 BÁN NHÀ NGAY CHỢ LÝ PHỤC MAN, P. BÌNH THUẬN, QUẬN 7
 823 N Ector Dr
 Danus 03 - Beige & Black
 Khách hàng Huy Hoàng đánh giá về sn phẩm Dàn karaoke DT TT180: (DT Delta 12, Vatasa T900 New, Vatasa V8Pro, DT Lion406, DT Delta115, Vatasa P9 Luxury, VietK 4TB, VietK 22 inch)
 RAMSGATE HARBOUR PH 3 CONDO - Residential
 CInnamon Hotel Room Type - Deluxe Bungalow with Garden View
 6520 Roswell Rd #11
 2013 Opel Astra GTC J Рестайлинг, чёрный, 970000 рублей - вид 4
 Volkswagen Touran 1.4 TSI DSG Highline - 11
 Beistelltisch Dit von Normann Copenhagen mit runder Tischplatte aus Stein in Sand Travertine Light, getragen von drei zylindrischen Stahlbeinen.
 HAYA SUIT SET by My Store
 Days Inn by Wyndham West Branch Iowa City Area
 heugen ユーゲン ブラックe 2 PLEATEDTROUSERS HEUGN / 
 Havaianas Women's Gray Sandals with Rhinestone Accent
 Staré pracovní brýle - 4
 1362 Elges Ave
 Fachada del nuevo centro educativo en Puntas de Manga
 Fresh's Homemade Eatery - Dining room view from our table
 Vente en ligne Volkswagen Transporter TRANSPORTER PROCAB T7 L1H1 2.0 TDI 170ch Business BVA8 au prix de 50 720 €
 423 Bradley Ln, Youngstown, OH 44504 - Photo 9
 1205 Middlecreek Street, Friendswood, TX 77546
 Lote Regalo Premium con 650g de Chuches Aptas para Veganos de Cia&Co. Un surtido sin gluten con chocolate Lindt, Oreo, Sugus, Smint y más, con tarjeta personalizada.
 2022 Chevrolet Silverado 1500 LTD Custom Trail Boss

============================================================

__Assigned task__
What are the lines of the data above that include the string "Volkswagen"? Copy them.

__Written response__
 Volkswagen Touran 1.4 TSI DSG Highline - 11
 Vente en ligne Volkswagen Transporter TRANSPORTER PROCAB T7 L1H1 2.0 TDI 170ch Business BVA8 au prix de 50 720 €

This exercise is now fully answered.